Shrewsbury v. Ellis , 26 Tex. Civ. App. 406 ( 1901 )


Menu:
  • The appellant brought this suit in the District Court of Grayson County for mandamus to the appellee, as clerk of the County Court of said county, requiring him to enter in the probate fee book of said court two items of fees claimed by the appellant as accruing to him as sheriff of Grayson County for the service of process in two several cases on the probate docket of said County Court. The fees claimed were for mileage in posting notices of an application for guardianship, and of one for the sale of real estate. The petition set forth the facts showing the execution of the process and the sheriff's return thereof, with his fees indorsed, including mileage for the distance traveled in posting said notices as required by law, and alleged that the appellee entered in the probate fee book the items for notices, but, although requested by the appellant to do so, refused to enter said items of mileage in said fee book as a part of the costs in said probate cases, giving as a reason therefor that the appellant was not entitled to collect fees for mileage in the execution of such process. The court below sustained a general demurrer to the petition, and rendered judgment in favor of the appellee.

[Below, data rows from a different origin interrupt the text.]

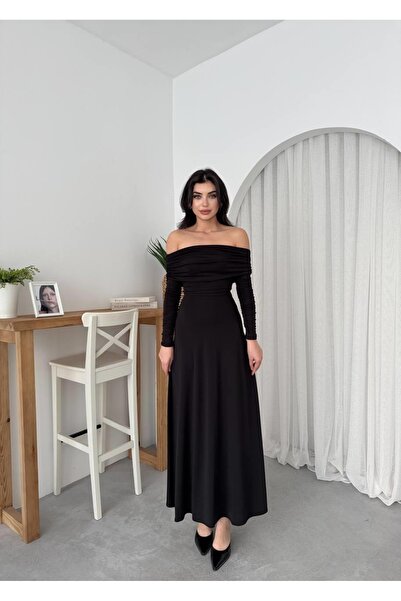 Deridün Yıldız Shoes فستان أوراس بدون حمالات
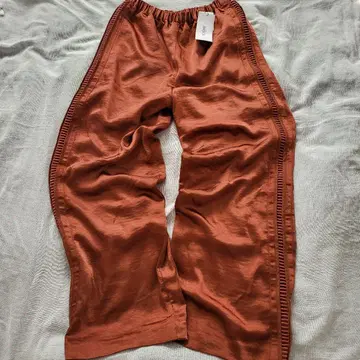 Select MOCA 벽돌색 새틴 와이드 팬츠 F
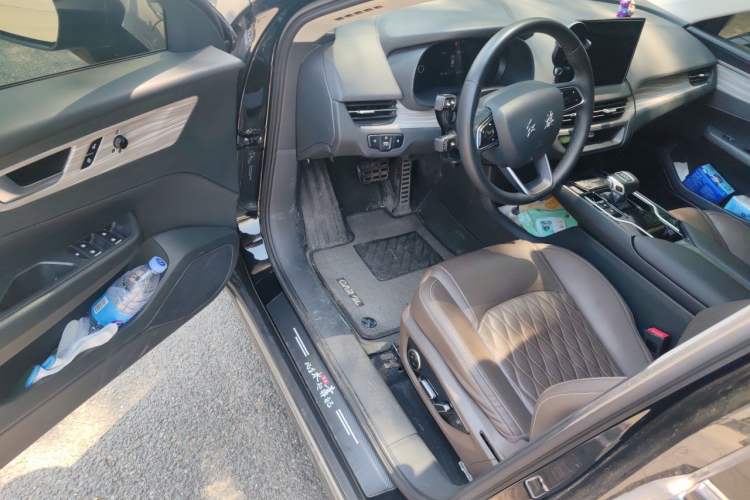 Used Hongqi E-QM5 2023 560km PLUS Driver Seat
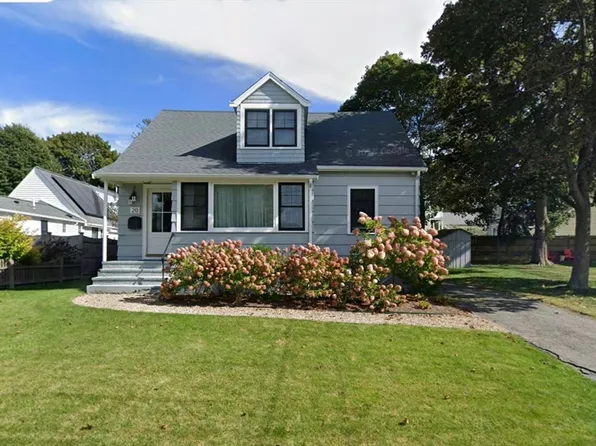 20 Smith Rd, Rockport, MA 01966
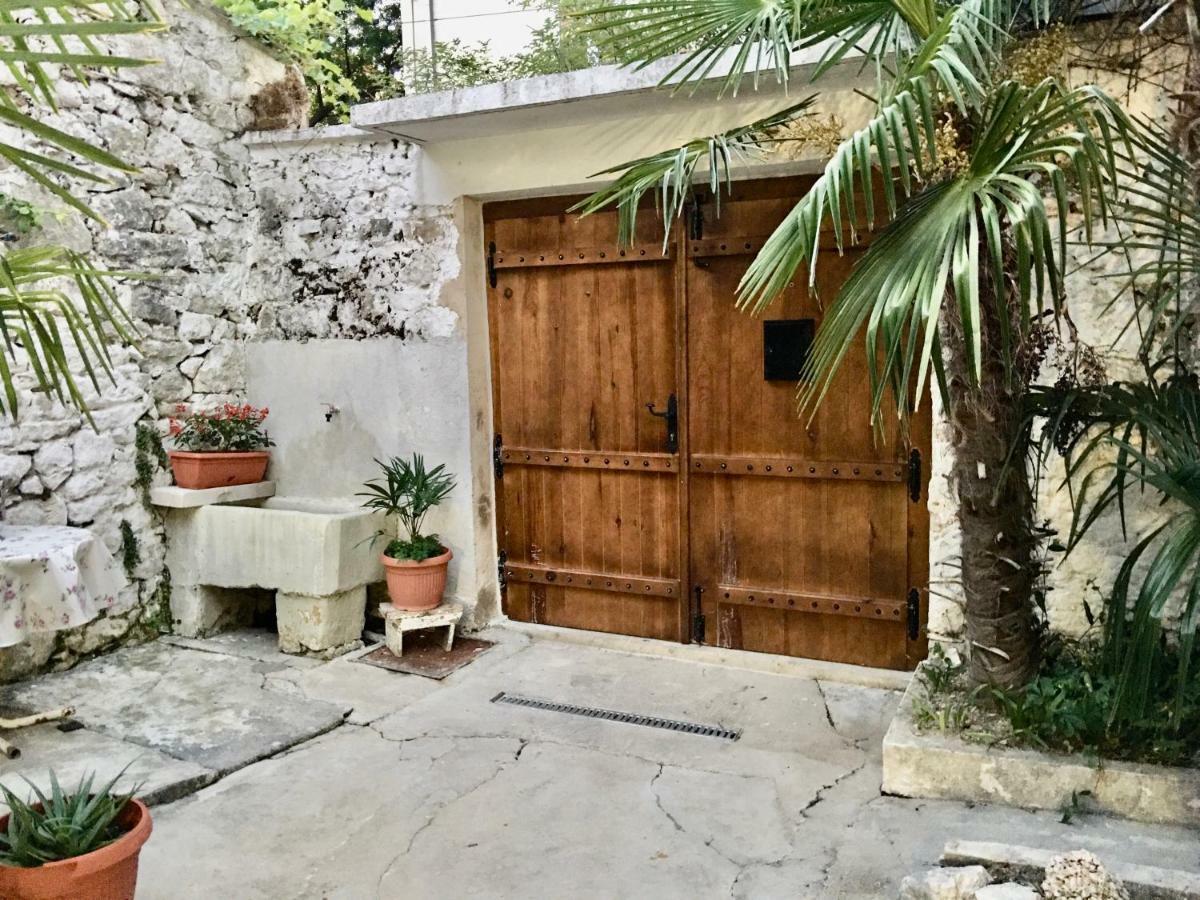 Palmera Mostar Luaran gambar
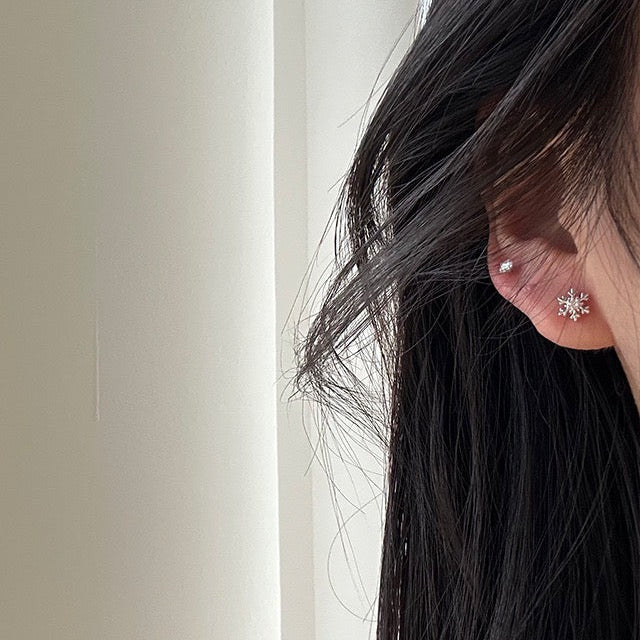 【999 Sterling Silver】 Snowflake Screw Back Stud Earrings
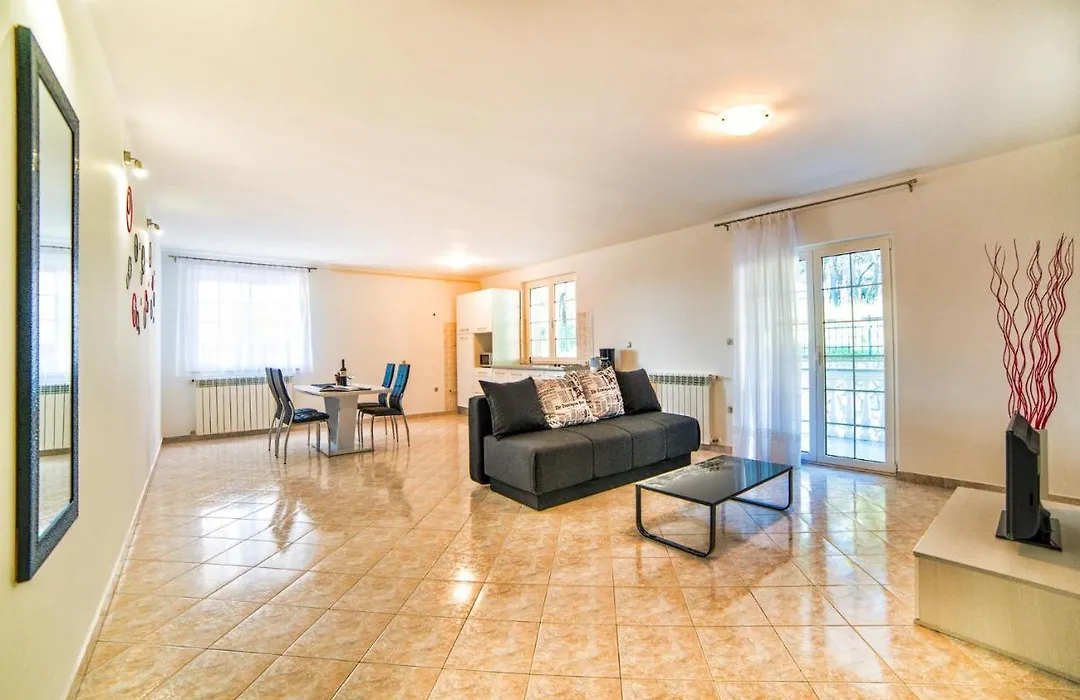 Apartments Ori-1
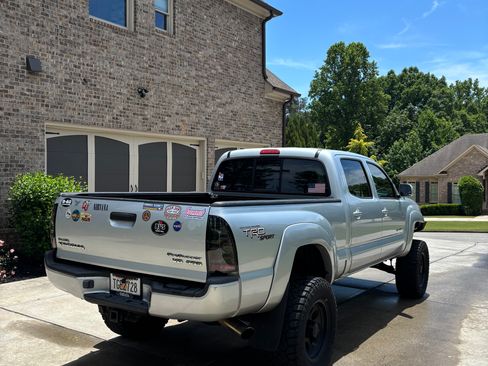 Used 2007 Toyota Tacoma PreRunner RWD image 2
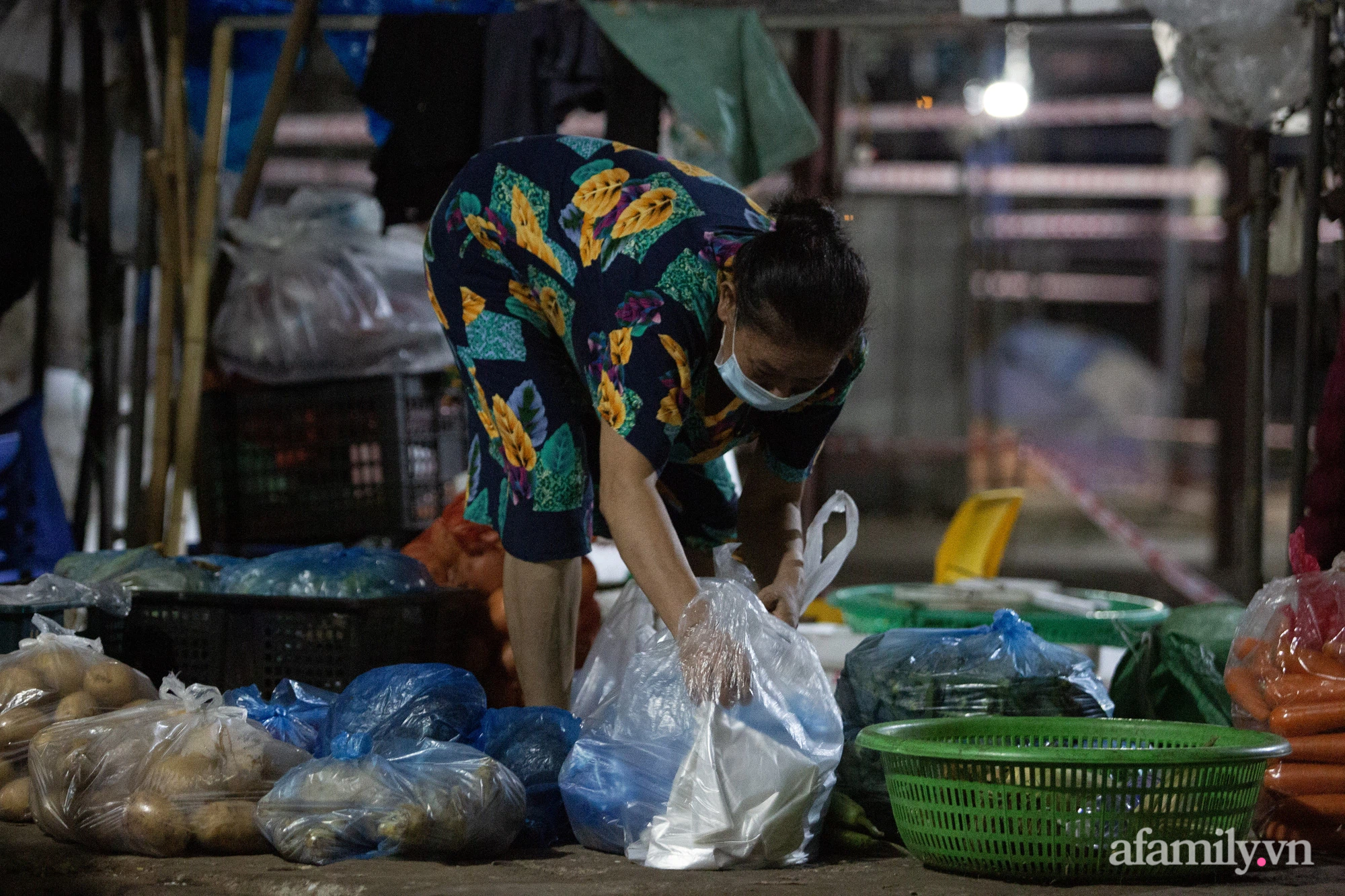 Tiểu thương chợ Phùng Khoang hối hả thu dọn hàng hóa trong đêm sau khi người phụ nữ bán rau tại chợ bất ngờ nhận kết quả dương tính SARS-CoV-2 - Ảnh 18.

    There are two prerequisites to the granting of the writ of mandamus. *Page 407 First, it must be shown that the relator has a clear legal right to the performance of the particular act at the hands of the respondent; and second, it must appear that the law affords no other adequate or specific remedy to secure the enforcement of the right and the performance of the duty which it is sought to coerce. High's Extr. Leg. Rem., secs. 10, 15. The sheriff has a clear legal right to have his fees entered by the county clerk in the probate fee book, if they are such as he is authorized by law to receive whenever they have accrued. Rev. Stats., art. 1848. But if it should appear that the appellant has a specific or adequate remedy at law, the question of whether or not he is entitled to the fees claimed need not be decided. It would seem that the determination of the latter question is the purpose of the suit. It is therefore proper, since the question of remedy at law is in its nature jurisdictional, that it should be considered first.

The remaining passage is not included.